Tuesday, 18 January 2011
A few days after the winter solstice, we drove up the coast to the Dyfi Valley looking for signs of the Welsh bard, Taliesin. Under a sky so clear and cold it looked like it might shatter into shards of blue ice, we made our way to the estuary where the river meets Cardigan Bay. This big bite taken out of Western Wales is the result of floods in ages past; beneath these waters lie the Cantre’r Gwaelod, the ‘Lowland Hundred.’ Some still hear the bells of the lost kingdom ringing below the waves. Twisted stumps of trees on the long sands reveal a half-petrified forest at certain low tides.

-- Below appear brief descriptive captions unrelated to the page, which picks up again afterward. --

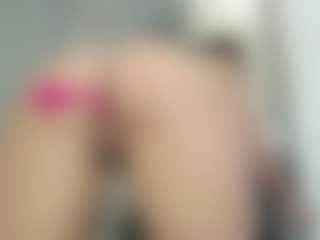 dreamhole's Live Sex Cam Show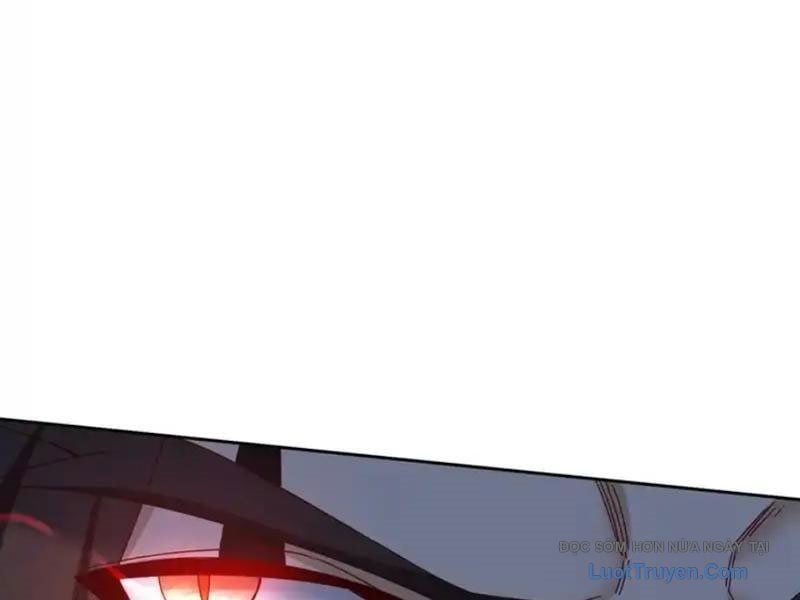 Sau Khi Sống Lại Ở Mạt Thế, Ta Điên Cuồng Thăng Cấp Chapter 71 - 76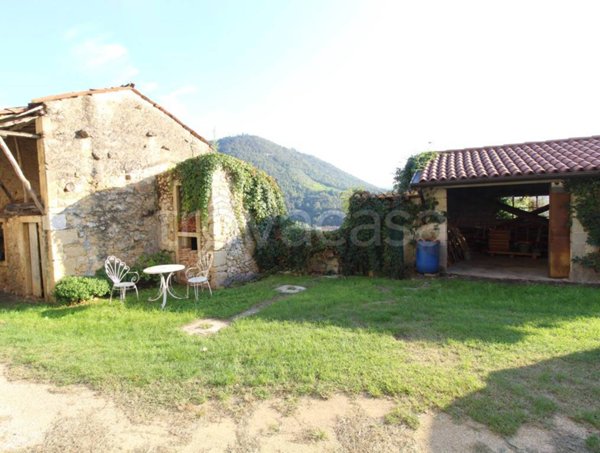 appartamento in vendita a Val Liona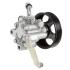 Насос ГУР (6PK) Geely Emgrand 11- FC 09-13 MSG GL001 (фото 2)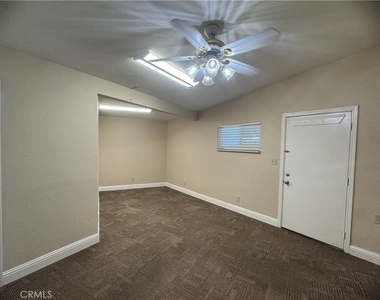 2100 Kennedy Avenue - Photo Thumbnail 22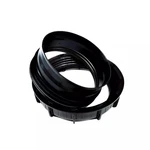 Genuine Volkswagen Heater Assembly Lock Ring 7n0-198-975. Fixed Price $50.53.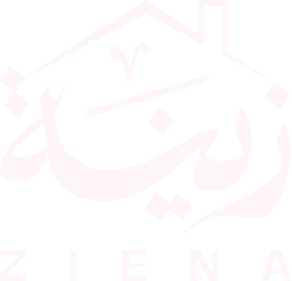 Ziena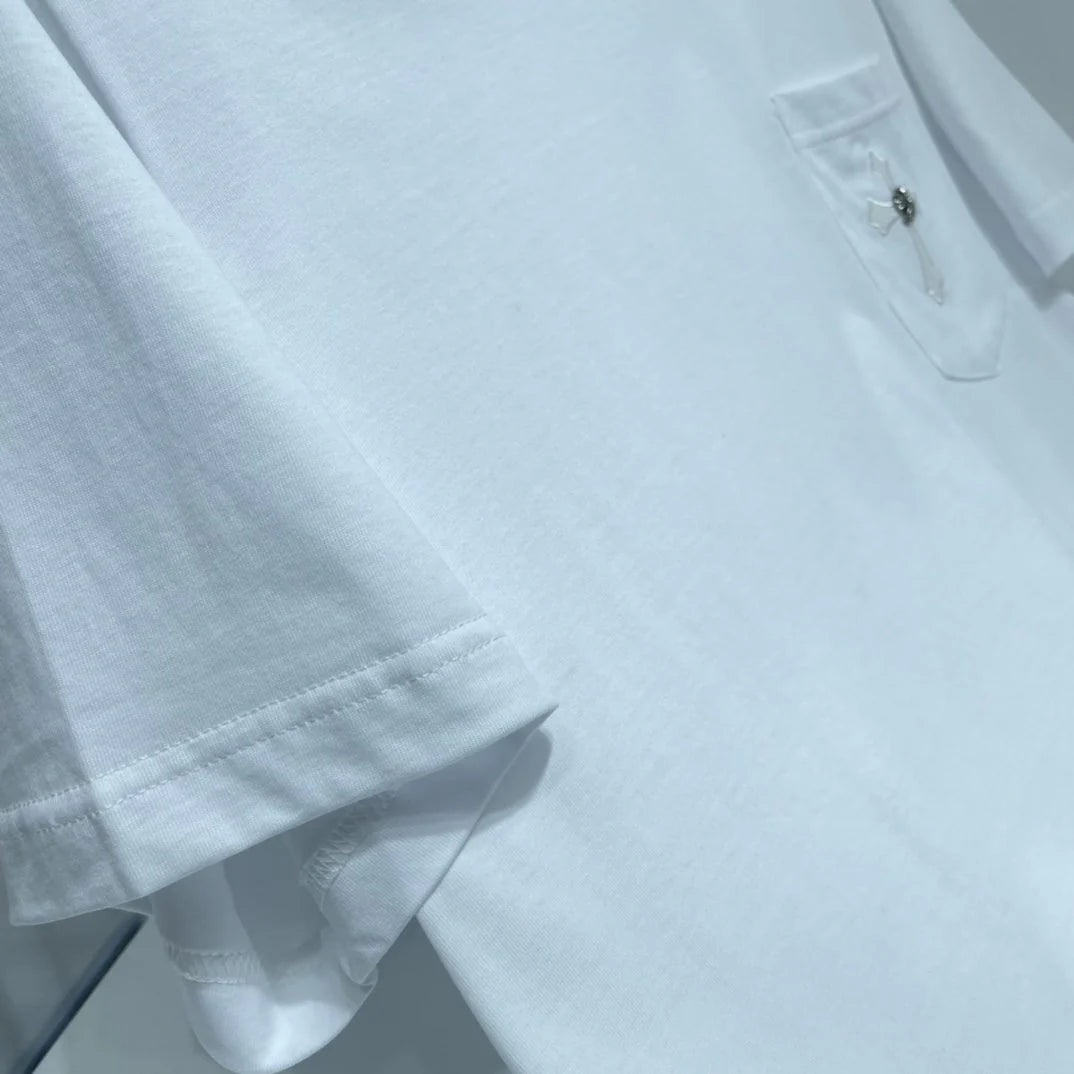 CH TSHIRT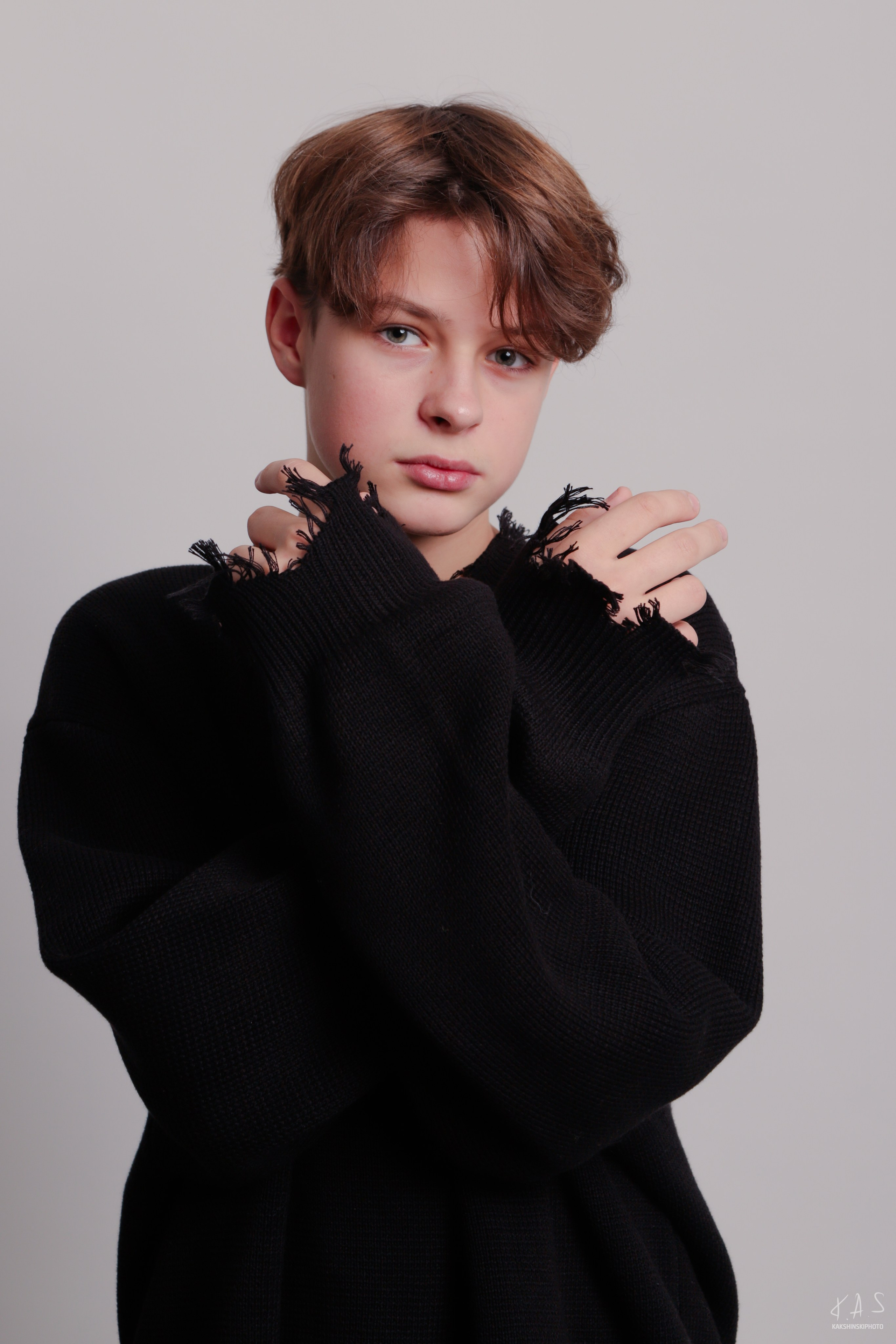 Listen to my heart. Фотография и видеосъёмка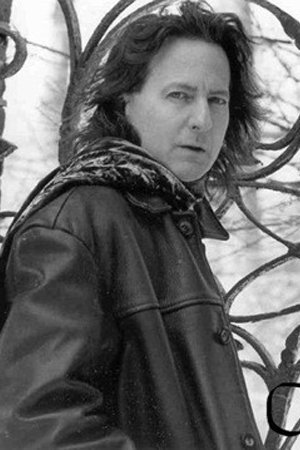 Фото  (Clifford Carter)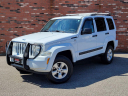 Thumbnail image of 2011 Jeep Liberty at 440 AUTO SALES, LLC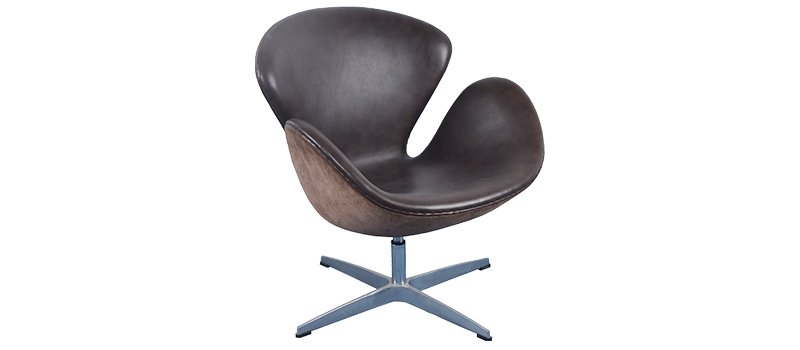 swan chair.jpg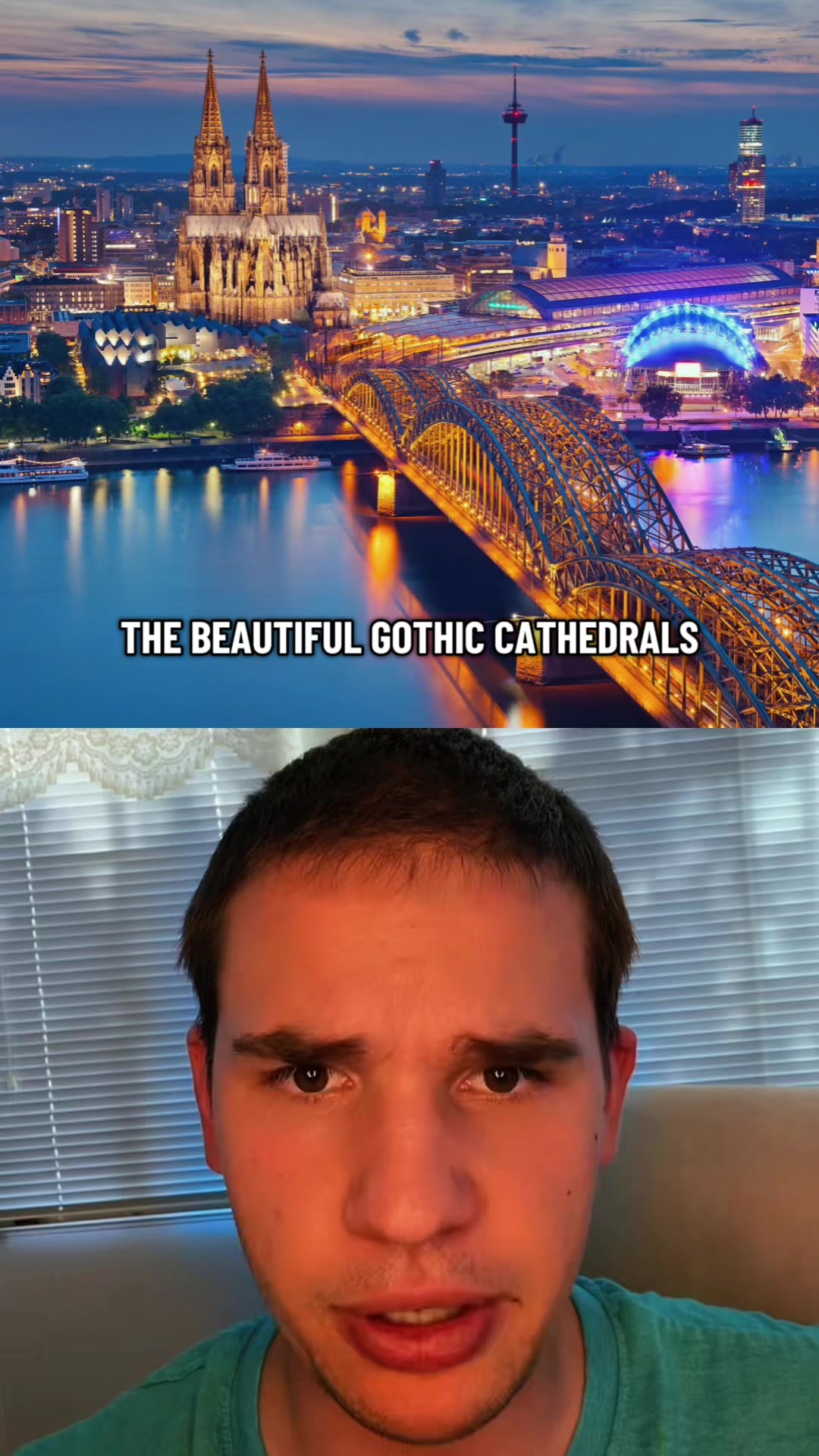 @Friendly Neighborhood History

Here Taliesin was born, or rather reborn, according to legend. He had started out life as a simple peasant lad called Gwion, who lived around Bala Lake in North Wales. Little Gwion fell foul of the goddess Ceridwen when he drank three drops of Awen, or Inspiration, from her cauldron. The potion was not meant for him, but for her own son. She tried to destroy him in a furious shape-shifting battle in which he turned himself into a succession of animals and birds. At the last he became a grain of wheat, but Ceridwen became a black hen and swallowed him whole. Nine months later, she gave birth to him as a human child, and not having the heart to kill him, she cast him out to sea in a leather coracle. After hundreds of years, the coracle was washed up at the mouth of the Dyfi, and found by a fisherman who was astonished to find he had netted not a salmon, but a live and kicking baby boy, whose head was surrounded by the glow of holy inspiration. He called the child Taliesin, meaning ‘Radiant Brow.’
Gwion was reborn as Taliesin on Calen Mai, the first day of summer. Today there were no signs of birth. A bitter north-east wind blew down from Snowdonia, carving the sand dunes into frozen wave patterns. It was hard to imagine the purple orchids and helleborines that draw bees and butterflies to these hollows in July. The piping calls of wading birds were stilled by the hissing wind which drove wisps and eddies of sand like ghosts racing into the sea.
Later we drove up into the hills behind the hamlet of Tre Taliesin in search of the poet's grave. The burial cairn of Bedd Taliesin was actually built in the Bronze Age, thousands of years before the bard. We found it plundered and forlorn, yet the original dolmen was clear to see, its grey stone slabs stained red by the huge round ball of the setting sun. Perhaps this was not for the dead after all, but an initiation chamber, since the story is that a night spent up here could make you mad, dead, or a poet.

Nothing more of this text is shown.